Problem requirements: Which lines of the material contain the word "Blue"? Show each one.

Records supplied:

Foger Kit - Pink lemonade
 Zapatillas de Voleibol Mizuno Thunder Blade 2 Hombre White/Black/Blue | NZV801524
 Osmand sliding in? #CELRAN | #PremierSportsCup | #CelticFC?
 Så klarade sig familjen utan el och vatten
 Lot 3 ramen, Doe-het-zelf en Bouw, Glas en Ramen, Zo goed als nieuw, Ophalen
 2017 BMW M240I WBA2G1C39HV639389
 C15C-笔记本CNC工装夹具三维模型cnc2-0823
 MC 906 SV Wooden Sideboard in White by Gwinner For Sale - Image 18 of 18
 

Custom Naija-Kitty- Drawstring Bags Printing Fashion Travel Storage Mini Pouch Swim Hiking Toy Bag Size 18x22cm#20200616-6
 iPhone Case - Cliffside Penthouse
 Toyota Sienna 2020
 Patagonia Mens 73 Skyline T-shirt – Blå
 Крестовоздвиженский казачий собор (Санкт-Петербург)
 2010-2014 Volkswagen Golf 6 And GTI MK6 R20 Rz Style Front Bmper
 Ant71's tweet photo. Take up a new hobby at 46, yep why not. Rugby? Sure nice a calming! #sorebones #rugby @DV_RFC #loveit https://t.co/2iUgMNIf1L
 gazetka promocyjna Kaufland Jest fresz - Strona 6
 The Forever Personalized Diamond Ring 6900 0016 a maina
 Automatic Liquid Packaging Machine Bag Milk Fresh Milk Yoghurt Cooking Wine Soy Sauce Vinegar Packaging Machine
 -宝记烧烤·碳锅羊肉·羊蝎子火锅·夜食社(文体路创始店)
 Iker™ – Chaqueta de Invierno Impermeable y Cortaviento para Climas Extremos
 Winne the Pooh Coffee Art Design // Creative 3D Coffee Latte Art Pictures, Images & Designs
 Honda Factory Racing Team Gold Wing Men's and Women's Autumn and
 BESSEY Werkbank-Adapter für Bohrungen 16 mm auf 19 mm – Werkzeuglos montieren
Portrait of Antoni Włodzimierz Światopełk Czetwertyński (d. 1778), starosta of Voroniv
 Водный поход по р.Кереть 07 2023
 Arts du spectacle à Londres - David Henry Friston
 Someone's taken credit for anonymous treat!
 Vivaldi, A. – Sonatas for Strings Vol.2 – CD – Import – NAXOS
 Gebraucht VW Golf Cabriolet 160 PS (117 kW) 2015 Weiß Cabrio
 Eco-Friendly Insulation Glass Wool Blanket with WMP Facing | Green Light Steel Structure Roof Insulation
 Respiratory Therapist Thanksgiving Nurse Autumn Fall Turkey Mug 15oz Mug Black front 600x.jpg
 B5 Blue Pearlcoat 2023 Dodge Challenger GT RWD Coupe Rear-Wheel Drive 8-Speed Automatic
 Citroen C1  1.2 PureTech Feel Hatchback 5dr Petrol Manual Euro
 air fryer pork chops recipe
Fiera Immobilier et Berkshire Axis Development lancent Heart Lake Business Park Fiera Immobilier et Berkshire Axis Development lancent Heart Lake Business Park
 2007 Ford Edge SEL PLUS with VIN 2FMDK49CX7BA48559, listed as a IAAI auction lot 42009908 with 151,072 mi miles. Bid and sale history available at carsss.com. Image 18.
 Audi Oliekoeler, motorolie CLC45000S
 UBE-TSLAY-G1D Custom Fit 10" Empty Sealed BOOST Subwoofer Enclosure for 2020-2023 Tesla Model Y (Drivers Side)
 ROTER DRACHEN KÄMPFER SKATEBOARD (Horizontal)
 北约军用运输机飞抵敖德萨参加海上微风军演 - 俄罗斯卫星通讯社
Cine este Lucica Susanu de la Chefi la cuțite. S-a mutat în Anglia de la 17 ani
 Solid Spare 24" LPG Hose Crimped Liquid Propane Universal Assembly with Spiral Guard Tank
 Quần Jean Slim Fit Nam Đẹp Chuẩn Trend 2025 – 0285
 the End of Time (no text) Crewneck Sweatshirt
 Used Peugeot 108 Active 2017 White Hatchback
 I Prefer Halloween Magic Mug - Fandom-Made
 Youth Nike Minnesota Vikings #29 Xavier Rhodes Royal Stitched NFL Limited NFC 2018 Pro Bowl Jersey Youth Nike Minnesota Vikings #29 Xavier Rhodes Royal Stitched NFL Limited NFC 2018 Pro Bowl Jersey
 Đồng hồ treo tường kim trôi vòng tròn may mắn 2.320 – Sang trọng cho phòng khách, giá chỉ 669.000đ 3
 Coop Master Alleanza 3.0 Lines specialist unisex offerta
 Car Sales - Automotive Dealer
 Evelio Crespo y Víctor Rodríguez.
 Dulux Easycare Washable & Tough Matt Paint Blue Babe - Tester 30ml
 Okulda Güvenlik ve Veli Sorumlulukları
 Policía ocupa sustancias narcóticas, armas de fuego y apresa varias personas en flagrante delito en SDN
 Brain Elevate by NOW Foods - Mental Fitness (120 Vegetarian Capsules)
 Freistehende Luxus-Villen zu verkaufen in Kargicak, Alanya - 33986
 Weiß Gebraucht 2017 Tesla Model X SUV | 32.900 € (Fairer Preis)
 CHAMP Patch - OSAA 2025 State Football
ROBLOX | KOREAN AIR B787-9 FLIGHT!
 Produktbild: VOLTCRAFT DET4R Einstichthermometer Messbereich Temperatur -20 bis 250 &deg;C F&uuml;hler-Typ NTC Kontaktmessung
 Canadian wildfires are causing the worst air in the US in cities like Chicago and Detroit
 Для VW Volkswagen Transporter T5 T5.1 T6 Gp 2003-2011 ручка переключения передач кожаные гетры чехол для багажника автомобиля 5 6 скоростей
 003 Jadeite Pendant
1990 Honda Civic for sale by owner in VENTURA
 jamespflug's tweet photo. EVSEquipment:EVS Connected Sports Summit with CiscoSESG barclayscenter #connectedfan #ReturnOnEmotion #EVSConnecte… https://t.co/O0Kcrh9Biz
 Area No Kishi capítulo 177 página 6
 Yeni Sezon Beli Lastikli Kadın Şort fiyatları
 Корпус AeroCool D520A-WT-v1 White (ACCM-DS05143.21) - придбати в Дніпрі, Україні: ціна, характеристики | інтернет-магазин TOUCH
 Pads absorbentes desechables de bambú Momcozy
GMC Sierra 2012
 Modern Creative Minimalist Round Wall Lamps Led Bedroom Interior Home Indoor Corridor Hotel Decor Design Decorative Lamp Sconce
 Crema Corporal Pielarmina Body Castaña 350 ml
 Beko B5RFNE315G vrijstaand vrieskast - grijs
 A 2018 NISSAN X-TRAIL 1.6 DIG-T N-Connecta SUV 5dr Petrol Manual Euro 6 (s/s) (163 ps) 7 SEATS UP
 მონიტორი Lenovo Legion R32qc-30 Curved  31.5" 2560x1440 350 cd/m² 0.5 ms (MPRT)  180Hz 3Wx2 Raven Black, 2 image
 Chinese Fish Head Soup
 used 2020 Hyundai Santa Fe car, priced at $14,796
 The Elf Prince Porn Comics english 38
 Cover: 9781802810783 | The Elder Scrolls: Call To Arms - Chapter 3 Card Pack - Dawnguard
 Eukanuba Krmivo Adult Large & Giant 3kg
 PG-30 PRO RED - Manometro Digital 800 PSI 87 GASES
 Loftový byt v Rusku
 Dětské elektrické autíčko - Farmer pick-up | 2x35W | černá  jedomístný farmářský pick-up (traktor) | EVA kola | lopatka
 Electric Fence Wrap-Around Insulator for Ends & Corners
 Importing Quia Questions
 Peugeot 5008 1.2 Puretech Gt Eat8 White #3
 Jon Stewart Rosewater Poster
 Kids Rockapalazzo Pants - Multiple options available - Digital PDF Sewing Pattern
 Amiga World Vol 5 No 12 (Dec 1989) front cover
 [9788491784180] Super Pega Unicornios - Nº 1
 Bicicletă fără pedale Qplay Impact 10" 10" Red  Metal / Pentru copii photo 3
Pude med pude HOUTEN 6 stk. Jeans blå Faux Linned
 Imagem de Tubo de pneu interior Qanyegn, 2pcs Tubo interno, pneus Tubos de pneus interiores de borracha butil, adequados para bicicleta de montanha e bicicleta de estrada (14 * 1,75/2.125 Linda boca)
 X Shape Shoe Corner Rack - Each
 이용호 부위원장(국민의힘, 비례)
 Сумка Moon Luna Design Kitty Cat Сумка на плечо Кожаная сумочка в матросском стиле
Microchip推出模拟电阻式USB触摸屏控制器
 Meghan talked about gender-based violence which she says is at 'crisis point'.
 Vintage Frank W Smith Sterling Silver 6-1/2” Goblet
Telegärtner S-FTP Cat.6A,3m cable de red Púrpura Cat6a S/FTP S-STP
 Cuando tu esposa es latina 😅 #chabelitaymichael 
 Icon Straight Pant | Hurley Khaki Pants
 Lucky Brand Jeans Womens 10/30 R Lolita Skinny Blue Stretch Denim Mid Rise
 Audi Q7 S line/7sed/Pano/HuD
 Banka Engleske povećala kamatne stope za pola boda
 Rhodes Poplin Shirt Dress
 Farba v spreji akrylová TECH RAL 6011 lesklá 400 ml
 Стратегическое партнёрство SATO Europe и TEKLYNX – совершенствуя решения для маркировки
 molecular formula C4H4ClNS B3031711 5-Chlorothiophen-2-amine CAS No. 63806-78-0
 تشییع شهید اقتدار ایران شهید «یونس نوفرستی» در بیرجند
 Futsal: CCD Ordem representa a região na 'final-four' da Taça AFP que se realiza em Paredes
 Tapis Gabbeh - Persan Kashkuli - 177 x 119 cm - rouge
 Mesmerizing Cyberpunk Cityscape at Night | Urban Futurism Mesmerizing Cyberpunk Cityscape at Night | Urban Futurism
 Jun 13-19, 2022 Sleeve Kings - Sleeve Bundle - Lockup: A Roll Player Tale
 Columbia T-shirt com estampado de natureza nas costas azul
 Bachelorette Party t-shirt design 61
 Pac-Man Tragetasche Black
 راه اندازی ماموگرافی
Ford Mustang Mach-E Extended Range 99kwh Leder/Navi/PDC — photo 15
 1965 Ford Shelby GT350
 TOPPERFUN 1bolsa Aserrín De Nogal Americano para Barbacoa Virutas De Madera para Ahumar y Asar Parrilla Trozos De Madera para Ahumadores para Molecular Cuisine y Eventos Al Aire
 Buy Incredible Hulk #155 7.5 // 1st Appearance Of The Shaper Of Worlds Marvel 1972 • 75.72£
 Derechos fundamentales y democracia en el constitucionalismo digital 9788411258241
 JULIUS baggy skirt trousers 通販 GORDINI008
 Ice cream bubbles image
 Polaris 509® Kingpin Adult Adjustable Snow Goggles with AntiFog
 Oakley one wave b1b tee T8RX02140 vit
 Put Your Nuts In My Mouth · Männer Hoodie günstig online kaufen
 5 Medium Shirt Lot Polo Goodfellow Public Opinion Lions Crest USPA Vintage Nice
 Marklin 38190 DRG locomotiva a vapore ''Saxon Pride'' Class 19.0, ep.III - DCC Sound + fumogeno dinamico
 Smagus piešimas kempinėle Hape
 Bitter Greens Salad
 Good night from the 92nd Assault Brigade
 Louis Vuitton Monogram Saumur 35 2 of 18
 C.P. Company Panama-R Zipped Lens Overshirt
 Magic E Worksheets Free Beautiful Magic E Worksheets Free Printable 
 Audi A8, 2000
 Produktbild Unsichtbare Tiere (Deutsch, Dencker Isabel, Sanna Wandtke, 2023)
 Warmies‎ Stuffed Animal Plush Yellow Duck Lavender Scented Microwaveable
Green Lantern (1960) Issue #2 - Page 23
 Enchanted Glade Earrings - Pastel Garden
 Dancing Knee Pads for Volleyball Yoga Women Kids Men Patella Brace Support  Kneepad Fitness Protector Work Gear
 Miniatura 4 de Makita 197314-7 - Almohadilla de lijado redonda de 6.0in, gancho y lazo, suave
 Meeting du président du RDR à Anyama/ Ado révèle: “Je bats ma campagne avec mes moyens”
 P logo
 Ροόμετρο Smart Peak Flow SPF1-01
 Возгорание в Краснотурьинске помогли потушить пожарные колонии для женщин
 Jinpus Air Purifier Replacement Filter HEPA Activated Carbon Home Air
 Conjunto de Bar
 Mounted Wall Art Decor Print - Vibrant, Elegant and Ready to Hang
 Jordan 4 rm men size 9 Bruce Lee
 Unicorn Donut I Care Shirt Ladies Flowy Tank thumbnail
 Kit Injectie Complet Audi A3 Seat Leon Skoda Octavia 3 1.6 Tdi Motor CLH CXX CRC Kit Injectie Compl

Answer to the problem:
 Zapatillas de Voleibol Mizuno Thunder Blade 2 Hombre White/Black/Blue | NZV801524
 B5 Blue Pearlcoat 2023 Dodge Challenger GT RWD Coupe Rear-Wheel Drive 8-Speed Automatic
 Dulux Easycare Washable & Tough Matt Paint Blue Babe - Tester 30ml
 Lucky Brand Jeans Womens 10/30 R Lolita Skinny Blue Stretch Denim Mid Rise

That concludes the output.